AAC CONDEMNS CANADA’S AFFIRMATION OF SAME SEX BLESSINGS

By Cynthia P. Brust

The American Anglican Council deplores the action of the Anglican Church of Canada’s General Synod yesterday in their vote to “affirm the integrity and sanctity” of same sex relationships. The day before, it appeared that the General Synod had grasped the magnitude of this issue as well as its potential impact on the communion and had chosen to display caution.

Their concerns were so great that the Synod asked for the advice of a primatial theological commission and deferred the decision itself until the 2007 General Synod. Deferment would have allowed the Canadian Church to proceed carefully and prayerfully toward a more hopeful future.

This perception was reinforced by a statement of the Archbishop of Canterbury released yesterday in which he responded to the decision the night before: “The decision to defer the question of the right of dioceses over same sex blessings offers hope for the continuing collegiality of the Anglican Communion.”

“It is important that the Canadian church has held back from a structural shift that would have run counter to the pleas and wishes of the Primates’ meeting last Autumn and of so many around the Communion. In doing so, it has avoided complicating still further the work of the Lambeth Commission.”

As we fast forward to the Synod session yesterday, surreal circumstances marked the proceedings. The very body judging the issue of same sex blessings too grave to consider one day turned 180 degrees in its passage of an amendment to affirm such blessings the next day. The Canadian Church chose to deem same sex unions worthy of the term “sanctity”, language clearly intended to place such unions on a par with marriage. The very church that seemed to be listening to their brothers and sisters worldwide has now declared through their action, “We have no need of you.” Through their decisions, both ECUSA and the Anglican Church of Canada reflect a body capitulating to the spirit of the age.

We find this decision outrageous. Its flies in the face of clear teaching of Scripture, natural law, the four instruments of Anglican unity, and the vast majority of Christians worldwide. As if all this were not egregious enough, the amendment is clearly the result of a highly dubious process which involved last minute maneuvers, curtailed debate and most astounding on a vote of this significance, a vote by hands. How is that even possible?

We take heart from the fact that despite the actions of ECUSA and the Anglican Church of Canada, the United Methodist Church, a denomination four times the size of ECUSA recently voted to uphold Biblical teaching on marriage and sexuality.
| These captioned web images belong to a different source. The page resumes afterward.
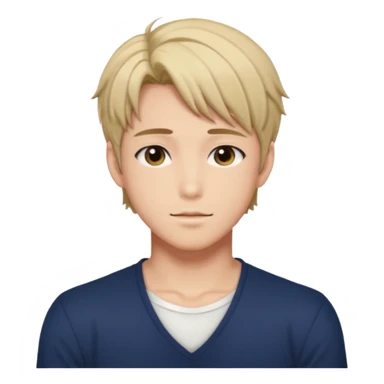 Cute Sexy Handsome Attractive Romantic Shoujo-Anime-style semi-realistic gentleMan   sticker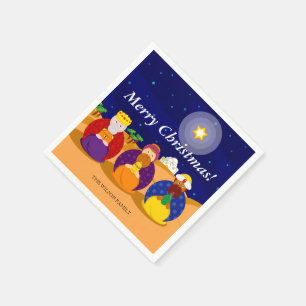 Serviette En Papier Dessin "Les Trois Rois" / "Les Trois Sages",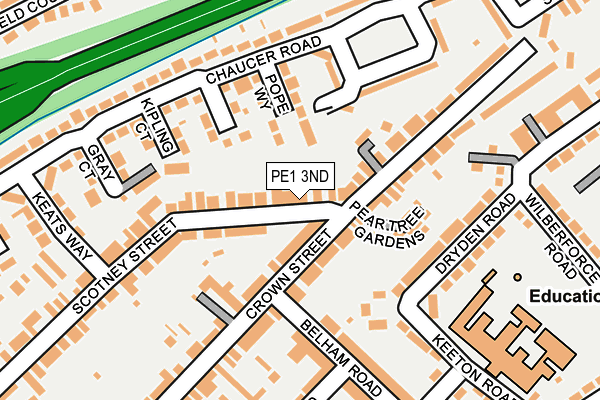 PE1 3ND map - OS OpenMap – Local (Ordnance Survey)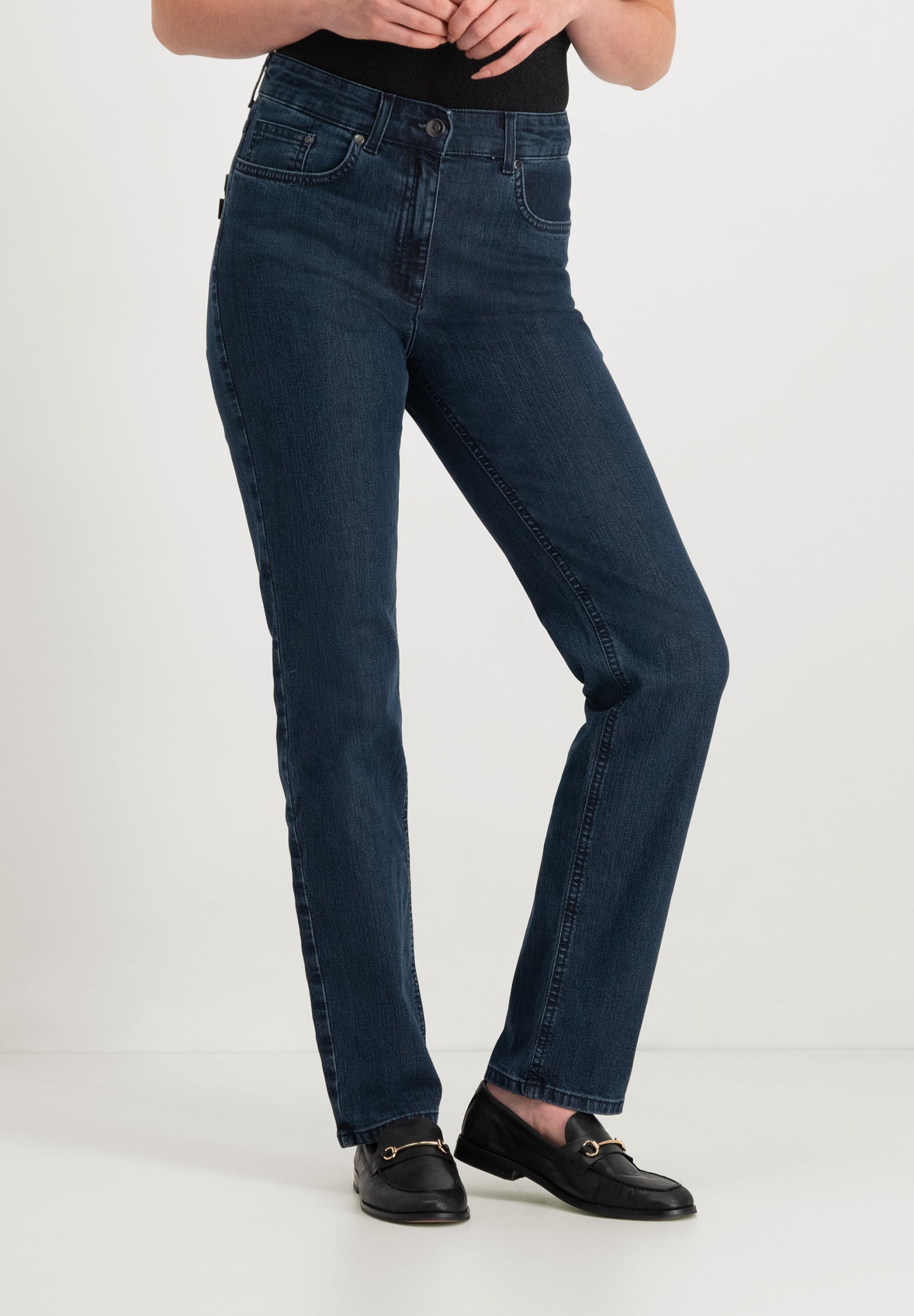 Kora Denim Classics Straight Jeans | Dark Indigo Pants ZRS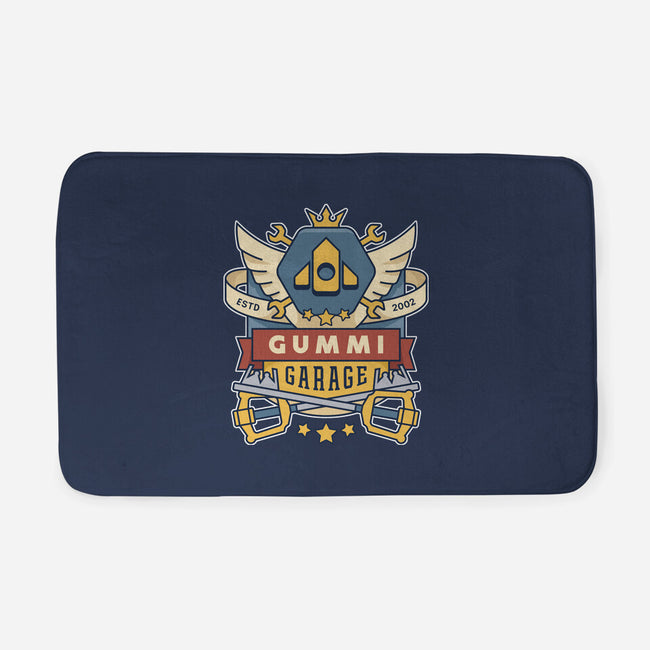 The Gummi Garage Emblem-None-Memory Foam-Bath Mat-LAGELANTEE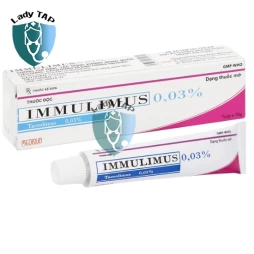 Immulimus 0,03% 10g Medisun - Điều trị ngắn hạn cho người bị bệnh Eczema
This victory proves that such a pan-sexual agenda is neither an intrinsic component of North American culture nor inevitable for mainline Christian denominations. Rather, the decisions of ECUSA and the Canadian Church represent unilateral acts of rebellion that have resulted in disunity and schism.

We are particularly concerned for our orthodox brothers and sisters in Canada who have seen their church embrace heresy through a procedure lacking in clarity and due process. We stand in solidarity with our brothers and sisters offering our prayers, our thanks for their strong efforts and our deepest sympathies.

We at the American Anglican Council are blessed by the efforts of the global Anglican Communion which stands passionately in solidarity with us as we resist revisionist theology attacking Christianity. The shameful decision by the Canadian Church only serves to reinforce our resolve and commitment to work for the realignment of Anglicanism in North America, seeking to preserve the precious Anglican heritage that we may pass it on to our sons and daughters.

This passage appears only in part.